Qatari money not enough: Washington supports Ennahda government
WASHINGTON - The United States plans to grant $100 million to Tunisia to help the transitioning democracy pay its debts and focus on boosting its economy, Secretary of State Hillary Clinton said Thursday.
The aid still needs approval from Congress. Clinton said the United States was also negotiating a separate package in which Washington would offer loan guarantees to raise hundreds of millions of dollars in capital for Tunisia.
Clinton, who spoke by telephone Wednesday with Prime Minister Hamadi Jebali, said the aid would let Tunisia pay down debts to the World Bank and African Development Bank left over from dictator Zine El Abidine Ben Ali's 23-year regime.

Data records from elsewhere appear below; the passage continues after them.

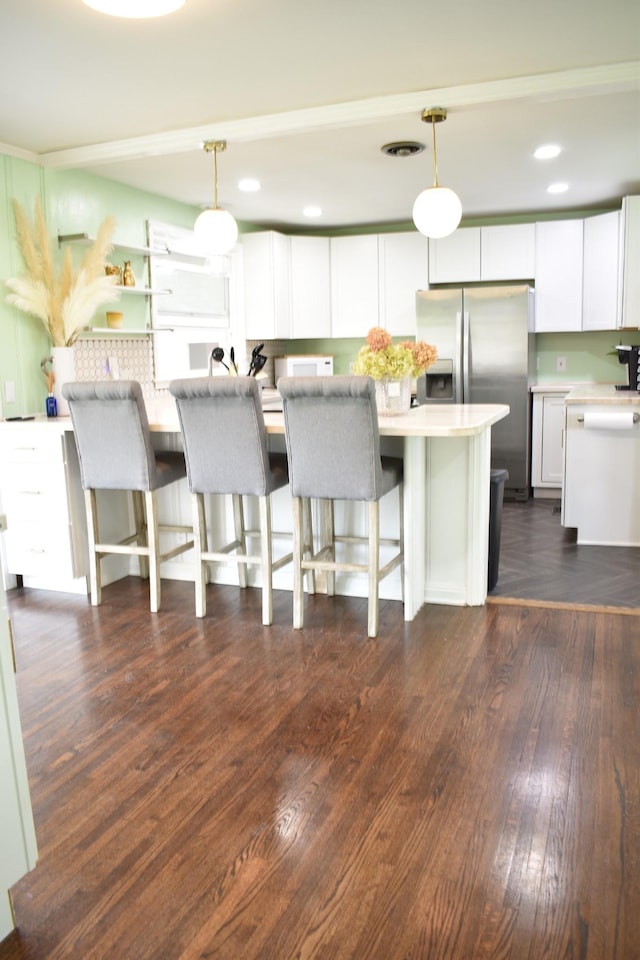 kitchen featuring stainless steel refrigerator with ice dispenser, white cabinets, hanging light fixtures, dark wood-style floors, and recessed lighting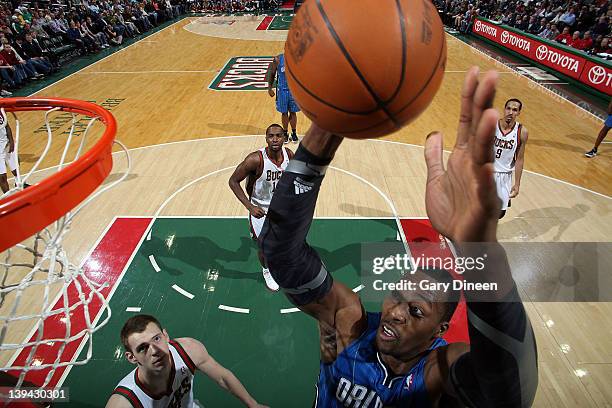 Dwight Howard of the Orlando Magic goes to the basket against Jon Leuer of the Milwaukee Bucks during the game on February 20, 2012 at the Bradley...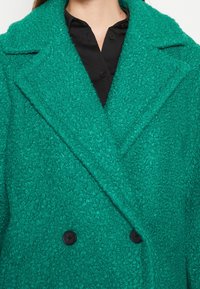 Femme portant un manteau double boutonnage texturé bleu sarcelle sur une chemise noire boutonnée, coupée au niveau du cou et du milieu du torse.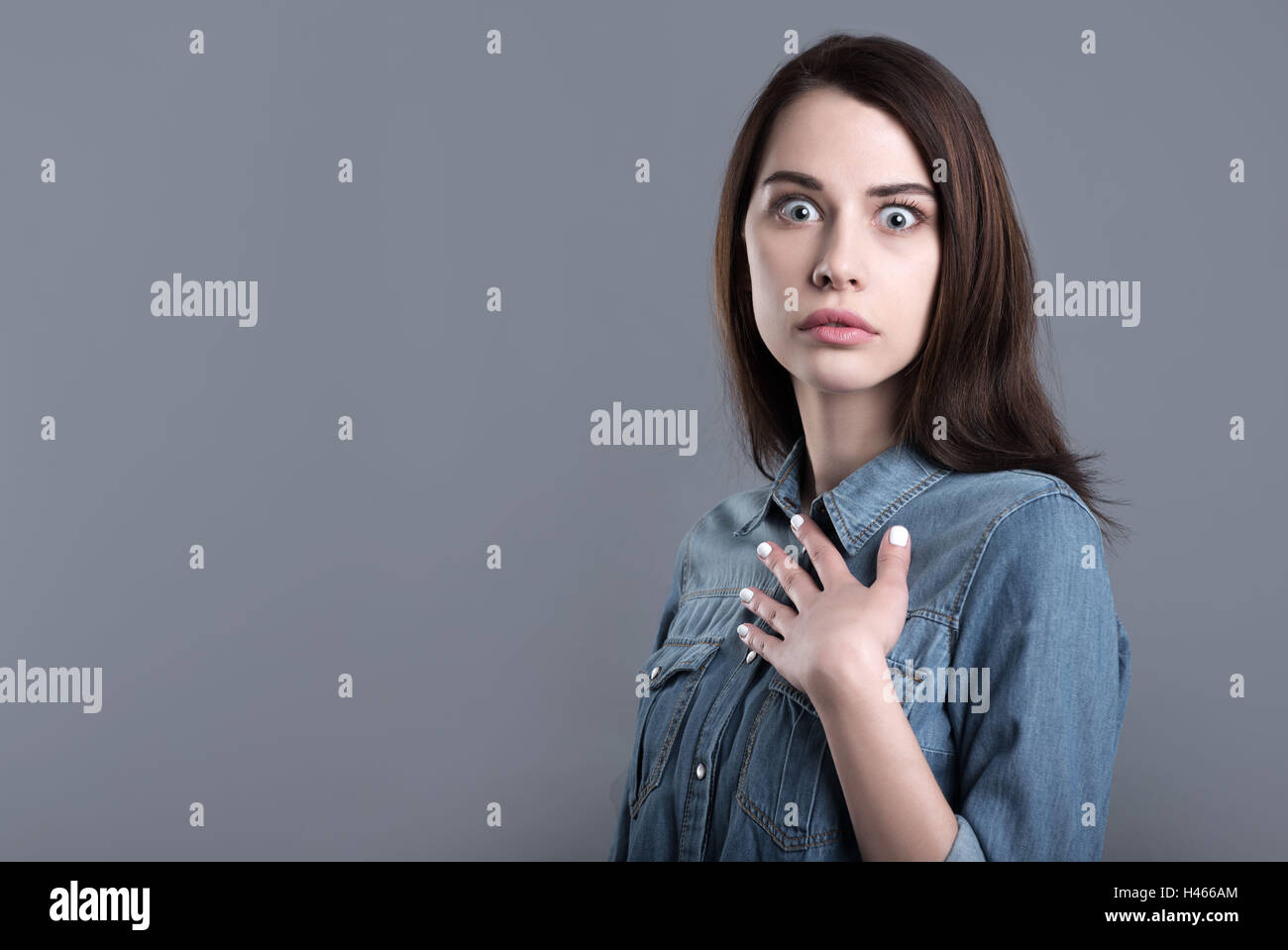 Surprised and confused young woman Stock Photo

The $100 million US cash transfer will allow Tunisia "to instead use this money for its priority programs, accelerating economic growth and job creation," Clinton said in a statement.
"As Tunisia progresses into the next phase of its historic democratic transition, the United States is working to help accelerate economic growth that benefits all, ensure that democracy delivers for the Tunisian people, and to help Tunisian businesses -- large and small -- become engines of job creation," Clinton said.
"We call on other partners in the international community to join us in supporting Tunisia and ensuring economic opportunities for more Tunisian people," she said.
Tunisians, inspired by a fruit vendor who set himself on fire after humiliation by authorities, took to the streets and ousted Ben Ali in January 2011.
The uprising spawned the so-called Arab Spring that has contributed to the ouster of authoritarian leaders in Egypt, Libya and Yemen and helped fuel a bloody one-year uprising against Syrian President Bashar al-Assad.
President Barack Obama's administration has put a top priority on building relations with the new democracies in the Arab world.
Despite past US support for Ben Ali, the United States has maintained friendly relations with Tunisia's new government and welcomed its hosting of a major international meeting on Syria in February.